GOAL OF THE EXERCISE:
A single number is wanted: how many lines of the records below contain the word "span".

(DATASET RECORDS Opens)

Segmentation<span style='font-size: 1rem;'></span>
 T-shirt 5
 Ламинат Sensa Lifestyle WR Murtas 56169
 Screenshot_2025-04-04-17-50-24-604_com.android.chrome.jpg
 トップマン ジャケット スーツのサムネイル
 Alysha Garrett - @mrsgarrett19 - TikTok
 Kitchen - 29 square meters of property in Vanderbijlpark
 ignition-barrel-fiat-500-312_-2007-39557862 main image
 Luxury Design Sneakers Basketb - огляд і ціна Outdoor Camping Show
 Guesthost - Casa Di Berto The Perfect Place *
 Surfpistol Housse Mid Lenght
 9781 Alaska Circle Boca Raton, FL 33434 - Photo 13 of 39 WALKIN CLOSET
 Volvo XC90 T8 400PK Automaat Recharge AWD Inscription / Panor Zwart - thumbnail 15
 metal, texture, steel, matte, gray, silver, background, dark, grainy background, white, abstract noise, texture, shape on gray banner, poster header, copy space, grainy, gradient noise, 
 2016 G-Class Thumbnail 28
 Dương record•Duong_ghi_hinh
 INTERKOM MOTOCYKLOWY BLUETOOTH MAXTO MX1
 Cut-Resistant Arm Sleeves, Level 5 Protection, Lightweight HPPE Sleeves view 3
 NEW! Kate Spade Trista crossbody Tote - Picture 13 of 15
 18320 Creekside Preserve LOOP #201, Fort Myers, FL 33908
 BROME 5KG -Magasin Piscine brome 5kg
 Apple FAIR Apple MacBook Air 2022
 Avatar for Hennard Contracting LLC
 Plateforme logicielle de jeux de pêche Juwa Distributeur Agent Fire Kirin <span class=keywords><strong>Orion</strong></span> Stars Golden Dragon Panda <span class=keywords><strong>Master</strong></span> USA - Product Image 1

(DATASET RECORDS Closes)

PROBLEM SOLUTION:
2